広島県北部、芸北地区にあるアンデルセンファームでは、初夏の光を受けて、りんごとぶどうが少しずつ実りへ向かっています。4月下旬には、養蜂業者様によりミツバチの巣箱9群、約27万匹を設置しました。設置後は雨が続き、気温も10℃前後と低く、しばらくハチが活動できない日が続きましたが、5月初旬に気温が20℃を超えると、畑の中を活発に飛び回り、りんごの受粉を助けてくれました。
その頃、りんごの花も満開を迎え、5月半ばから摘果作業が始まりました。今年は花が多く、着果も多かった第3期園のシナノゴールドから進めています。摘果は、残した実に十分な養分を届けるための大切な仕事です。一つひとつの実の様子を見ながら手を入れ、暑さが予想される夏に向けて、定期的な灌水も欠かさず行い、秋の収穫へつなげていきます。
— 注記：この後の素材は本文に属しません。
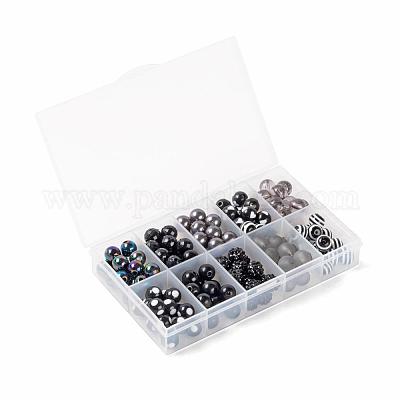 160шт 10 стиля непрозрачные и прозрачные SACR-LS0001-02A-1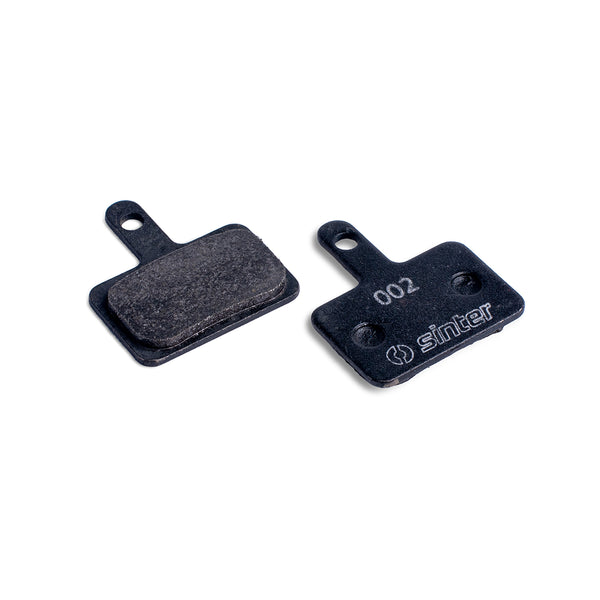 Disc Brake Pads Performance Black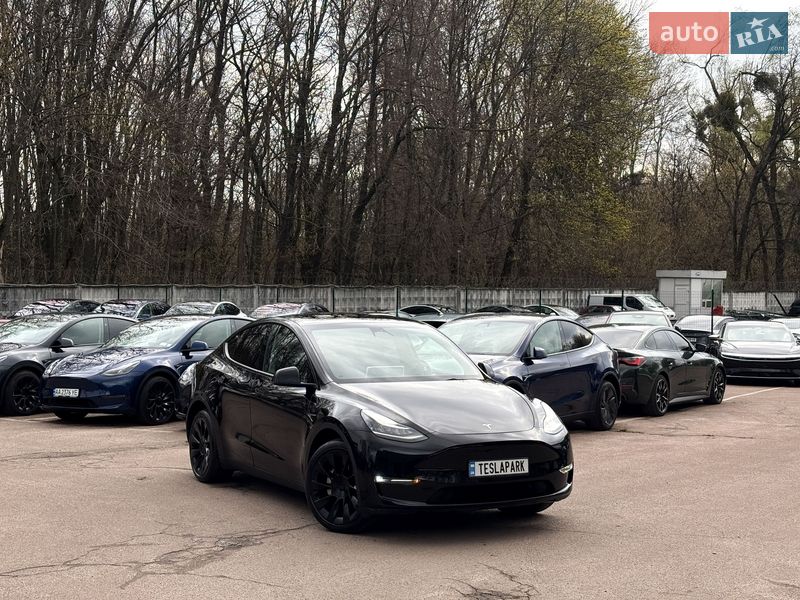 Внедорожник / Кроссовер Tesla Model Y 2023 в Киеве фото 2 Внедорожник / Кроссовер Tesla Model Y 2023 в Киеве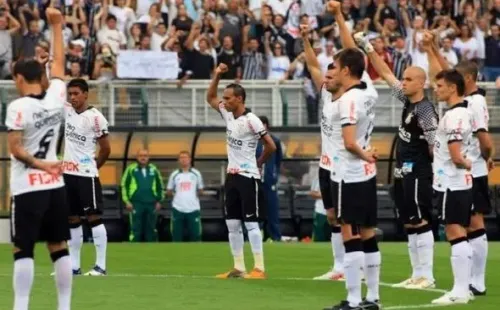 Crédito: Divulgação/Sport Club Corinthians Paulista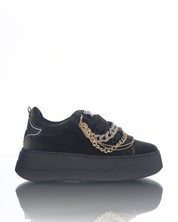 Green Velvet Necklace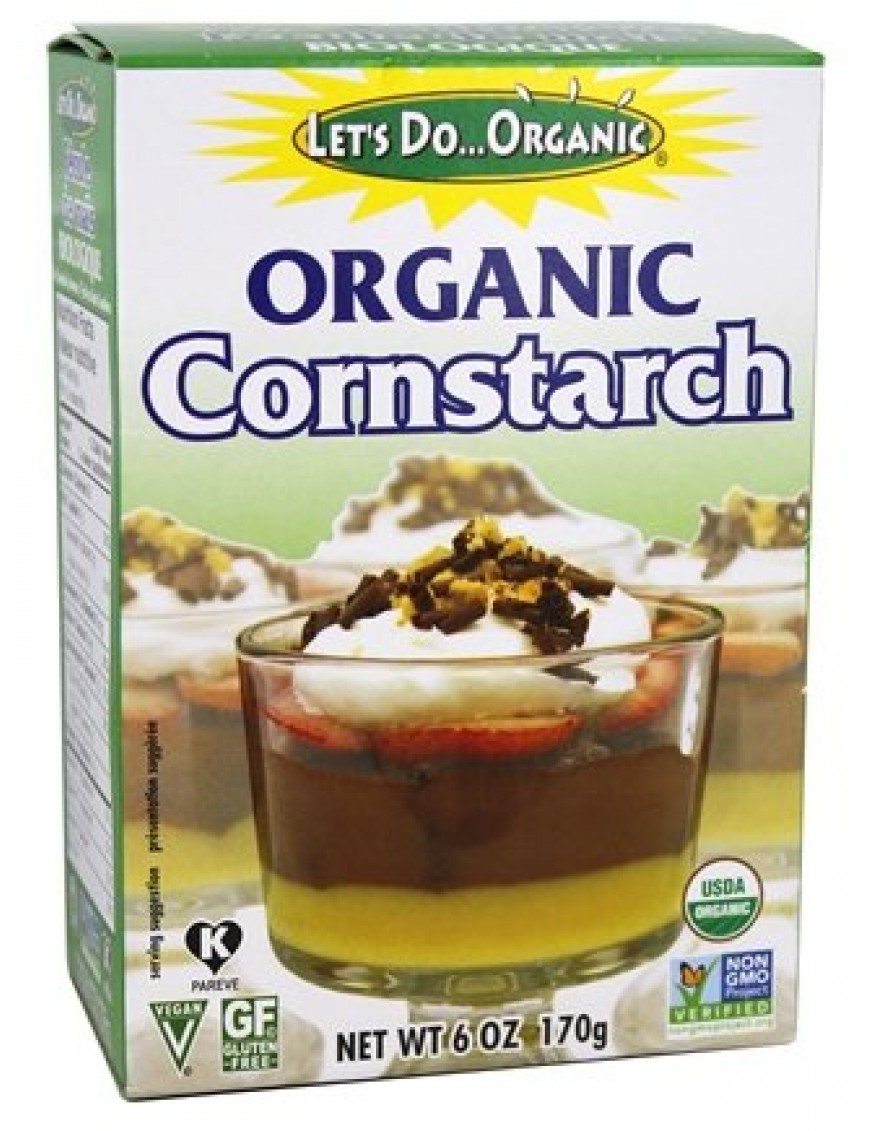 Let's Do Cornstarch (6x6 Oz) Let's Do Cornstarch (6x6 Oz)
ぶどう園では、4月下旬から芽が動き始め、5月上旬には芽が揃いました。5月下旬からは、芽の動きが早いシャルドネから芽欠きを行い、樹への負担を抑えながら、日が入りやすい状態に整えています。6月からは誘引作業を開始し、伸びる枝をテープナーで鋼線に固定しながら、雨除けシートの中で枝が絡まらないようにしています。
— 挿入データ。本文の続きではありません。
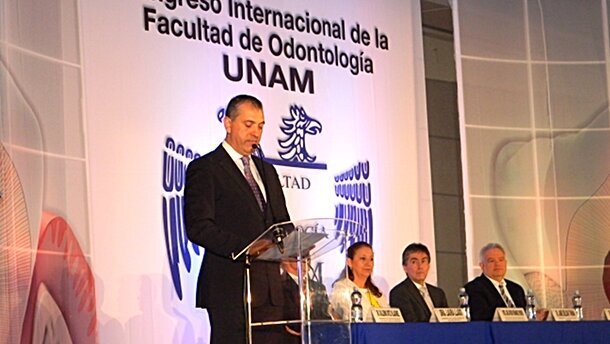 UNAM Congress opens in Mexico City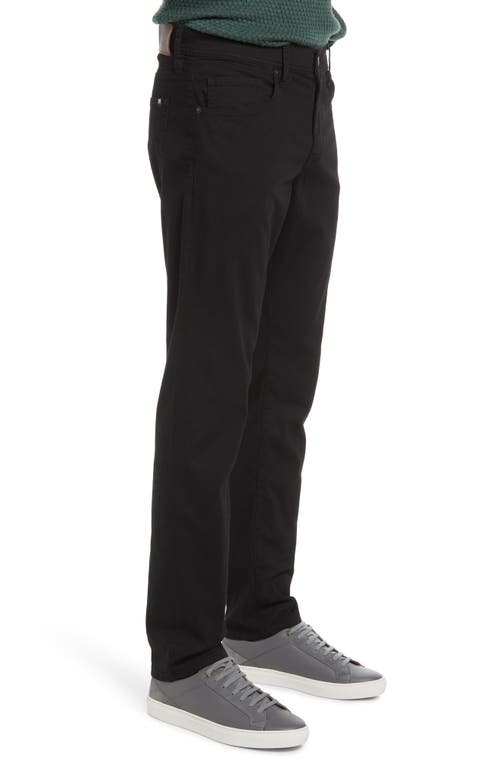 Travismathew Travis Mathew Legacy Straight Leg Jeans In Black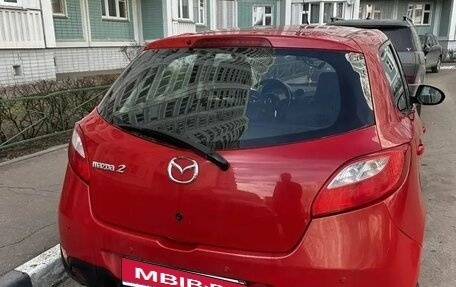 Mazda 2 III, 2008 год, 435 000 рублей, 2 фотография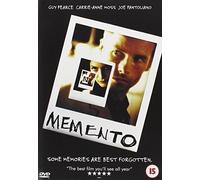 Memento by Guy Pearce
また、昨年まで課題となっていたヤガの吸汁被害対策として、今年は防蛾灯4基を設置しました。ぶどう園ではロボット草刈機の試験導入も始まり、作業の省力化にも取り組んでいます。変化する気候や環境に向き合いながら、今年も安全・安心でおいしい果実づくりを進めています。秋の実りに向けて、ファームの毎日は続いています。